> What to work on:
Pictures do not belong in the copy. Write out exactly the lines from the one containing "Andrena nigroaenea" through the end of the data.

> Recorded information:
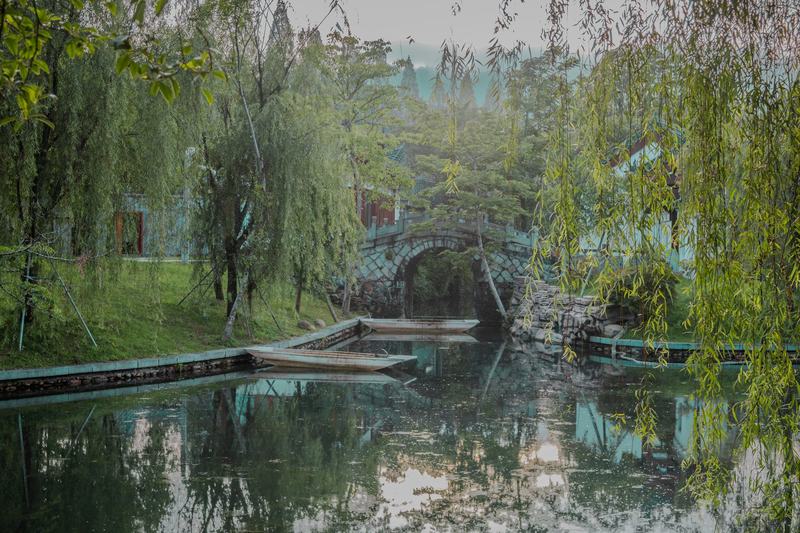 柳与石桥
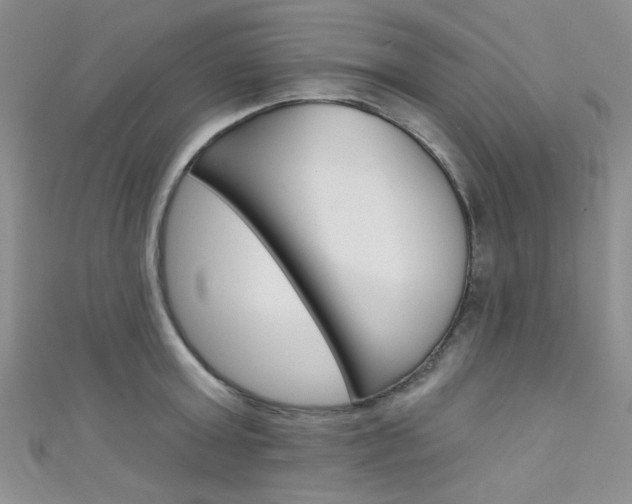 X0000111480803200907141041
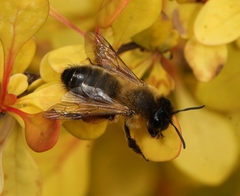 Andrena nigroaenea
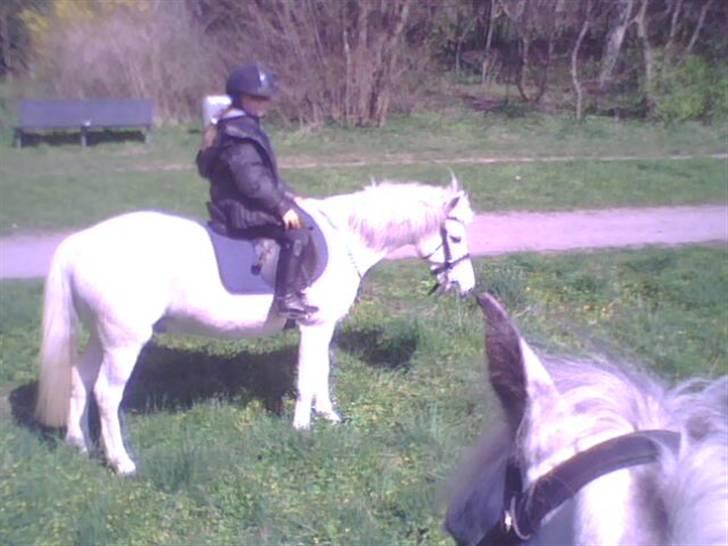 Anden særlig race Konvaljens Flipper  - skoven (: billede 2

> Exercise result:
 Andrena nigroaenea
 Anden særlig race Konvaljens Flipper  - skoven (: billede 2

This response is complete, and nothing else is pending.